La guerre des brevets prend peu à peu une nouvelle orientation avec la critique de plus en plus forte contre l'utilisation de brevets fondamentaux ( qui ne peuvent être contournés par d'autres brevets ), qui entrent normalement dans un cadre FRAND ( Fair, Reasonable and Non Discriminatory ) et sont soumis à un politique de droits de licence particulière, dans le cadre de plaintes entre fabricants.

Le cadre FRAND impose que les détenteurs de brevets essentiels proposent un droit de licence raisonnable dans la mesure où leur propriété intellectuelle fait l'objet d'une standardisation. Cela permet notamment de ne pas créer de goulets d'étranglement dans l'innovation industrielle.

Or plusieurs acteurs ont précisément fait porter leurs attaques contre des concurrents en s'appuyant sur ces brevets FRAND et en demandant une renégociation des droits de licence. Ce type d'initiative a commencé à attirer l'attention des régulateurs qui entendent calmer le jeu pour ne pas voir émerger un déluge de plaintes par rapport à ce type de brevet, ce qui aurait des conséquences fâcheuses sur l'économie mondiale.

Le régulateur antitrust européen a déjà ouvert les hostilités en lançant une procédure contre Samsung pour abus de position dominante sur des brevets 3G utilisés pour attaquer Apple. Le groupe de Cupertino a par ailleurs demandé une enquête contre Motorola Mobility ( et par extension Google ) pour les mêmes motifs.


Le cadre FRAND, arme à double tranchant

Et c'est maintenant Microsoft qui fait de même, toujours contre Motorola Mobility, toujours pour une question de risque d'abus de position dominante associé à l'utilisation de brevets FRAND dans ses plaintes, avec un cadre élargi aux technologies vidéo Web, notamment H.264.

Le groupe de Redmond affirme que Motorola Mobility demande des droits exorbitants pour une cinquantaine de brevets FRAND. Dave Heiner, vice-président exécutif, en charge des questions de propriété intellectuelle chez Microsoft, menace aussi de s'en prendre à Google, qui est aussi le récent propriétaire de Motorola Mobility, faute d'obtenir des éclaircissements sur sa position.

Alors que Microsoft et Apple ont promis de ne pas faire reposer leurs plaintes sur des brevets FRAND, Google s'est contenté d'envoyer des courriers aux régulateurs pour les rassurer mais sans prendre d'engagements, laissant planer quelque doute.

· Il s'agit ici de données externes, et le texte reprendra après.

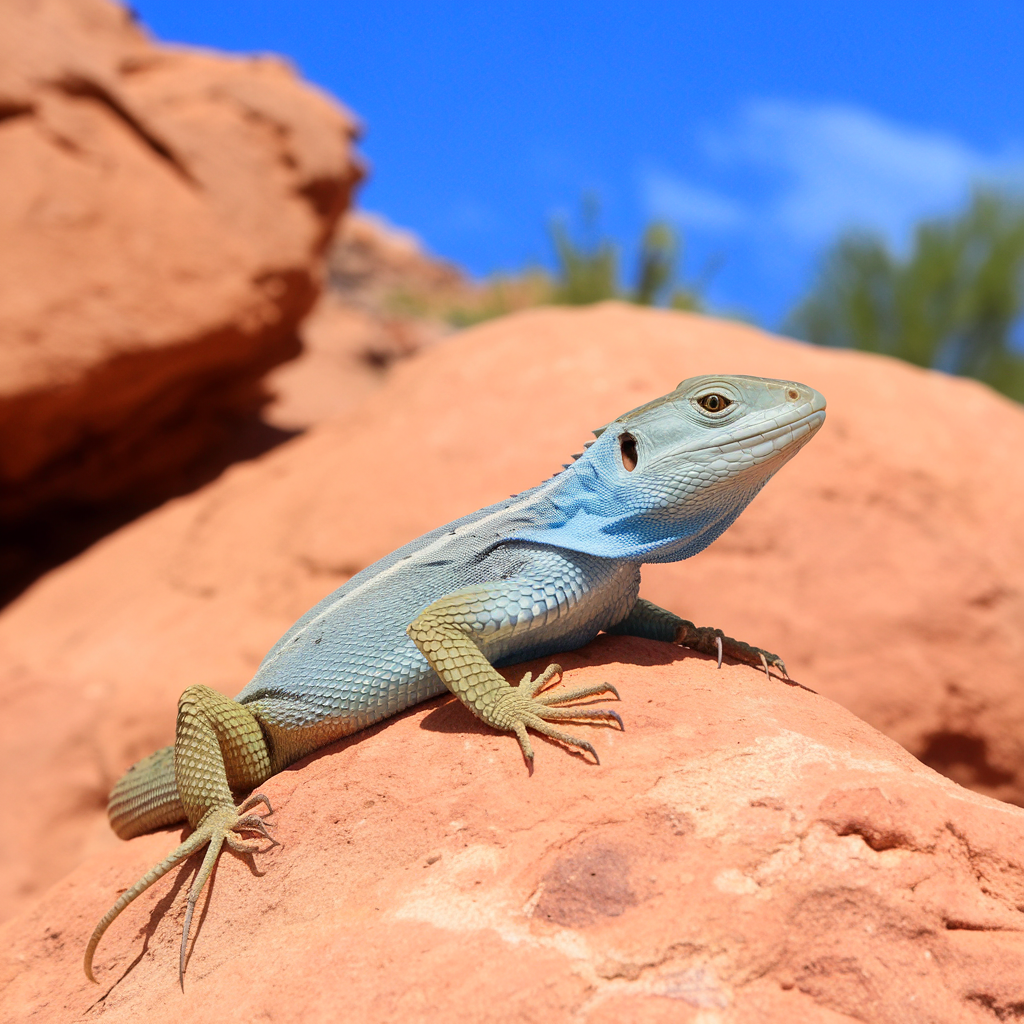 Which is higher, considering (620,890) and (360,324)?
(360,324)

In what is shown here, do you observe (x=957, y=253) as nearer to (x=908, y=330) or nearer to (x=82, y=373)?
(x=908, y=330)

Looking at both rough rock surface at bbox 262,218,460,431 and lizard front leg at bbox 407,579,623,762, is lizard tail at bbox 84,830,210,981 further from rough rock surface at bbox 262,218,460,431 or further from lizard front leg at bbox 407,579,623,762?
rough rock surface at bbox 262,218,460,431

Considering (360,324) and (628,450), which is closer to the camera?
(628,450)

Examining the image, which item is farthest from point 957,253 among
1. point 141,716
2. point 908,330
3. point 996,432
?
point 141,716

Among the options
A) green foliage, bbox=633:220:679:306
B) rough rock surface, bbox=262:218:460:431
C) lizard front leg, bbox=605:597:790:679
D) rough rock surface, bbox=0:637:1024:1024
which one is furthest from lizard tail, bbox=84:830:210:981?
green foliage, bbox=633:220:679:306

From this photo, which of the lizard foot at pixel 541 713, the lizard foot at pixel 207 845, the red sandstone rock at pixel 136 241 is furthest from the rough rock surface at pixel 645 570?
the lizard foot at pixel 541 713

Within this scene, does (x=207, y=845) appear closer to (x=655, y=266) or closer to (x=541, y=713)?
(x=541, y=713)

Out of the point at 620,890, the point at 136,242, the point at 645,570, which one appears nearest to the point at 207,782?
the point at 620,890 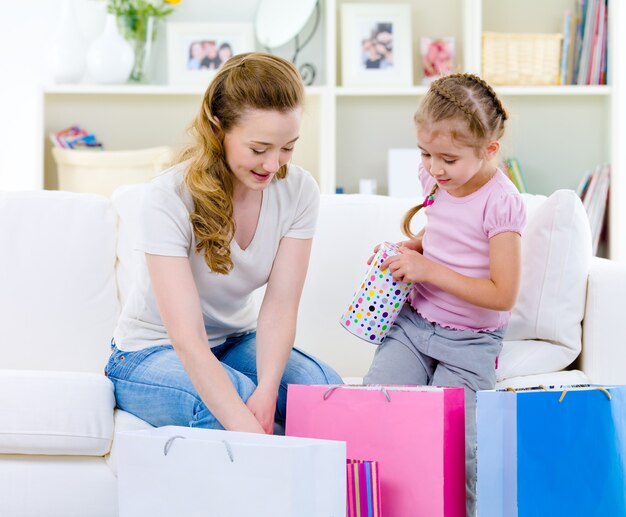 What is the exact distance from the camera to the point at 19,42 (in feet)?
11.7

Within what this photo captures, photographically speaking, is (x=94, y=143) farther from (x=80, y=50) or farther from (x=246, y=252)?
(x=246, y=252)

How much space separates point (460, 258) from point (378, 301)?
0.60 ft

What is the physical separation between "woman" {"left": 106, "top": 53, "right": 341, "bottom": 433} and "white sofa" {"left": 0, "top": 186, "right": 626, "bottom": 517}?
5.5 inches

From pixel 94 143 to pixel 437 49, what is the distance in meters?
1.37

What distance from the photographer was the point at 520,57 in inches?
134

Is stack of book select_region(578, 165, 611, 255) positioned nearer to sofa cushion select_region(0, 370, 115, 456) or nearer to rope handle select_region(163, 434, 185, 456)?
sofa cushion select_region(0, 370, 115, 456)

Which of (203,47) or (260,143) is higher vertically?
(203,47)

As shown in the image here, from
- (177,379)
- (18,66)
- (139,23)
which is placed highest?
(139,23)

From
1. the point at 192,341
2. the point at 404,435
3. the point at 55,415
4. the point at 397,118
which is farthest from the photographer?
the point at 397,118

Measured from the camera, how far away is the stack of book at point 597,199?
3361mm

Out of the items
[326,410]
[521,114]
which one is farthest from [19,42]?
[326,410]

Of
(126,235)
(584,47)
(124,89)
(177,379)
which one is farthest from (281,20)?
(177,379)

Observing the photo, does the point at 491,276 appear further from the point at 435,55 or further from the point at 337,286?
the point at 435,55

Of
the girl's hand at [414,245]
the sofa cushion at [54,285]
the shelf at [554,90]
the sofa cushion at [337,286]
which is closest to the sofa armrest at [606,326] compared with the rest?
the girl's hand at [414,245]
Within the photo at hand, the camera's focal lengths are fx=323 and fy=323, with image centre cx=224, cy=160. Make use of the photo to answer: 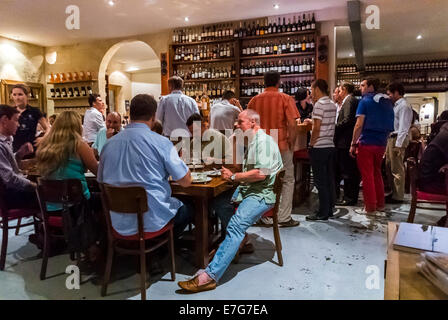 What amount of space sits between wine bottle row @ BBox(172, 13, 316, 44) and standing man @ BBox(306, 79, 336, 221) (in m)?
2.81

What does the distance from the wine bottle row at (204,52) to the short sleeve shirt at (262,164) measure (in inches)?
180

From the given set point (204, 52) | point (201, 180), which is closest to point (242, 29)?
point (204, 52)

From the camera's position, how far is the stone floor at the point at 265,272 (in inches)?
89.0

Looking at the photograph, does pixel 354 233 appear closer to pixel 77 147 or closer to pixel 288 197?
pixel 288 197

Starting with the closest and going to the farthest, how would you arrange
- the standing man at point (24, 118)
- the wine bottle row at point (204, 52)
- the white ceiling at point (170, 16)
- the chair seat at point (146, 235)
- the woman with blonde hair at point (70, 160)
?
the chair seat at point (146, 235)
the woman with blonde hair at point (70, 160)
the standing man at point (24, 118)
the white ceiling at point (170, 16)
the wine bottle row at point (204, 52)

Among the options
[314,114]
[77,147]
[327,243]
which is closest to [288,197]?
[327,243]

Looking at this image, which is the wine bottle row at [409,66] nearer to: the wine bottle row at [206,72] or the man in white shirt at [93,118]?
the wine bottle row at [206,72]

Microsoft profite de cette attitude ambiguë pour mettre en garde contre un comportement potentiellement agressif de Google, avec un credo : " Google: please don't kill video on the Web ", qui vient s'ajouter au fait que Motorola Mobility a refusé de négocier des droits de licence vis à vis d'Android avec le groupe de Redmond.

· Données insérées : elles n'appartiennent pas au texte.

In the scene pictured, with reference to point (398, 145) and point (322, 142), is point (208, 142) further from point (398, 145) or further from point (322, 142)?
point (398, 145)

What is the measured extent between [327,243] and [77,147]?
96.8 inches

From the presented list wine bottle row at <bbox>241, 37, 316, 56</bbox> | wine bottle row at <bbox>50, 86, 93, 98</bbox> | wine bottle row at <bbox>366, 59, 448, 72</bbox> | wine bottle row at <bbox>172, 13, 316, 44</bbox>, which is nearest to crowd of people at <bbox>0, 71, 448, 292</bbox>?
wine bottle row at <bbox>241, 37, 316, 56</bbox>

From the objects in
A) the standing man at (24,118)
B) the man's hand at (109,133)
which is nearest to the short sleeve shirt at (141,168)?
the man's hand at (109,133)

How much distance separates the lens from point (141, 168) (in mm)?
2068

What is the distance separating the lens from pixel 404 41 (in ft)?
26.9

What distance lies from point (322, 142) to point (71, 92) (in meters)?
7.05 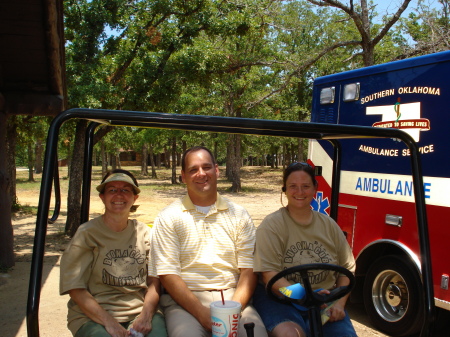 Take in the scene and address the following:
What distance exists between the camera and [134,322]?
2.41 m

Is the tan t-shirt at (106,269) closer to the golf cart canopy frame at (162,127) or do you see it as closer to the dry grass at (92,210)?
the golf cart canopy frame at (162,127)

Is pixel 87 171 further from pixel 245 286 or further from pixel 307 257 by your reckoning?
pixel 307 257

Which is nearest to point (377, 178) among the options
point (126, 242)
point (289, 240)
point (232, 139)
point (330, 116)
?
point (330, 116)

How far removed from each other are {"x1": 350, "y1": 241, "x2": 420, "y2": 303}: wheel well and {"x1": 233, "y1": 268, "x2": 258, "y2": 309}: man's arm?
217 centimetres

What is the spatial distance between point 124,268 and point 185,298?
1.28ft

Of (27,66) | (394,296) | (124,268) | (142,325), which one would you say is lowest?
(394,296)

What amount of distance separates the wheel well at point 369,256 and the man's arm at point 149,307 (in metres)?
2.60

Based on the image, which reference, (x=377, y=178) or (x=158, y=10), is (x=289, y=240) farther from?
(x=158, y=10)

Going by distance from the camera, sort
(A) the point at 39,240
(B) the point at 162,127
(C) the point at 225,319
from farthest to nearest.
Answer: (B) the point at 162,127 → (C) the point at 225,319 → (A) the point at 39,240

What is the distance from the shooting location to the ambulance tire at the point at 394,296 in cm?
403

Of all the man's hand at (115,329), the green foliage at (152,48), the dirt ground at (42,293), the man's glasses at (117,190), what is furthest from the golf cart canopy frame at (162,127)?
the green foliage at (152,48)

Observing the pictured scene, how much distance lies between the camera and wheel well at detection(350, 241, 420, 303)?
4.40 metres

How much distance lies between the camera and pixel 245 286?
2559 millimetres

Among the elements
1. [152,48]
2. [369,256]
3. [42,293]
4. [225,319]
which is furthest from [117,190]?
[152,48] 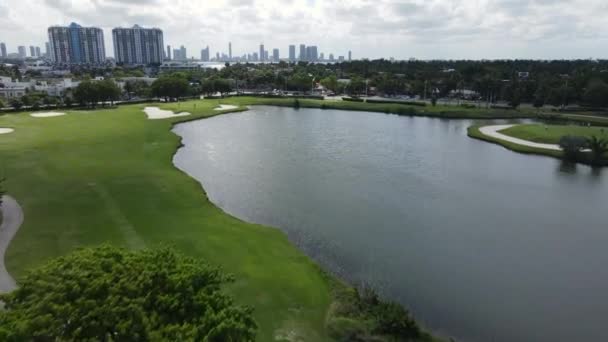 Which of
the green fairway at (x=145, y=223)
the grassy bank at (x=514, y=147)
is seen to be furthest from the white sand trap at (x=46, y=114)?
the grassy bank at (x=514, y=147)

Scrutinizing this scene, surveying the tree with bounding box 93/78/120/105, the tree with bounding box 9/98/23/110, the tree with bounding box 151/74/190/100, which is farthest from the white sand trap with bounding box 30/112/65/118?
the tree with bounding box 151/74/190/100

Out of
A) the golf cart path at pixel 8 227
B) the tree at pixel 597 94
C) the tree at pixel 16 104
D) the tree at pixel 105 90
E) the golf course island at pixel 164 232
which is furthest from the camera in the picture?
the tree at pixel 105 90

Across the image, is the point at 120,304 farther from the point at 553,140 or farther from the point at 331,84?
the point at 331,84

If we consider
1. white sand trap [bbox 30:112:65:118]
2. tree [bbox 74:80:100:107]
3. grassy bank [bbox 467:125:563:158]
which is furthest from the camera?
tree [bbox 74:80:100:107]

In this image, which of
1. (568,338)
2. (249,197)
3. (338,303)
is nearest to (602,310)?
(568,338)

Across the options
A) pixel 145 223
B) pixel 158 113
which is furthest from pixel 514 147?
pixel 158 113

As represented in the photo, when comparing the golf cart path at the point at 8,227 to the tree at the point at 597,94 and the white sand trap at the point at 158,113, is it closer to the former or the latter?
the white sand trap at the point at 158,113

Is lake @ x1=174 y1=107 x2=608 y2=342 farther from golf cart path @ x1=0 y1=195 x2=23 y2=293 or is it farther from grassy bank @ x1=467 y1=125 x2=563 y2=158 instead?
golf cart path @ x1=0 y1=195 x2=23 y2=293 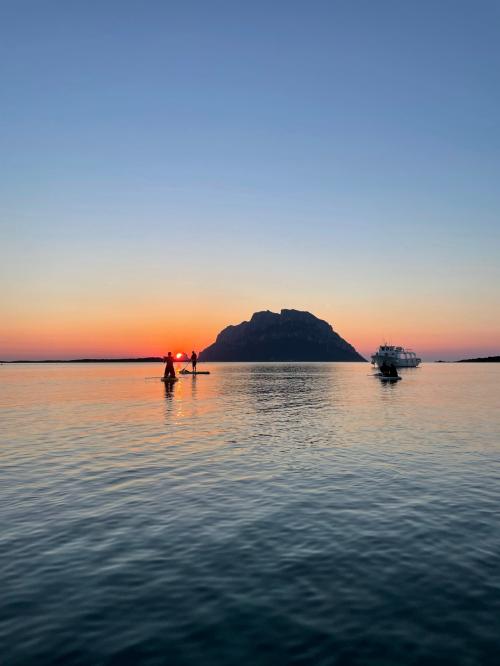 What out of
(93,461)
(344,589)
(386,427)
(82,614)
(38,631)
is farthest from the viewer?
(386,427)

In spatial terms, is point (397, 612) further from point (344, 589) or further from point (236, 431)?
point (236, 431)

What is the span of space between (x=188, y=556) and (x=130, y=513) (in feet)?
13.7

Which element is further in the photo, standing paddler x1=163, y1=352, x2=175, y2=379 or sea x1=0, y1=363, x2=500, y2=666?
standing paddler x1=163, y1=352, x2=175, y2=379

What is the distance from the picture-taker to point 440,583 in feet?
35.2

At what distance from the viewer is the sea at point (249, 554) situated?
8.40 meters

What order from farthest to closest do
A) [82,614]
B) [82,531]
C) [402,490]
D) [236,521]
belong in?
[402,490]
[236,521]
[82,531]
[82,614]

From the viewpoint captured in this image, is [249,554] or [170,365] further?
[170,365]

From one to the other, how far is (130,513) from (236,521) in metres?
3.41

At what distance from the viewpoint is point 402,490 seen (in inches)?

Ce dernier n'a pourtant pas ménagé ses efforts ces derniers trimestres pour obtenir des droits de la plupart des fabricants d'appareils Android ou Chrome OS. Il a fallu dans le cas de Motorola passer par une plainte auprès de l'ITC ( International Trade Commission ) aux Etats-Unis, avec quelques victoires préliminaires.

Il s'agit maintenant pour Microsoft de créer un climat de défiance autour du couple Google / Motorola et de retourner l'arme des brevets FRAND contre ceux qui les utilisent. A voir si le régulateur européen sera sensible à cette vision.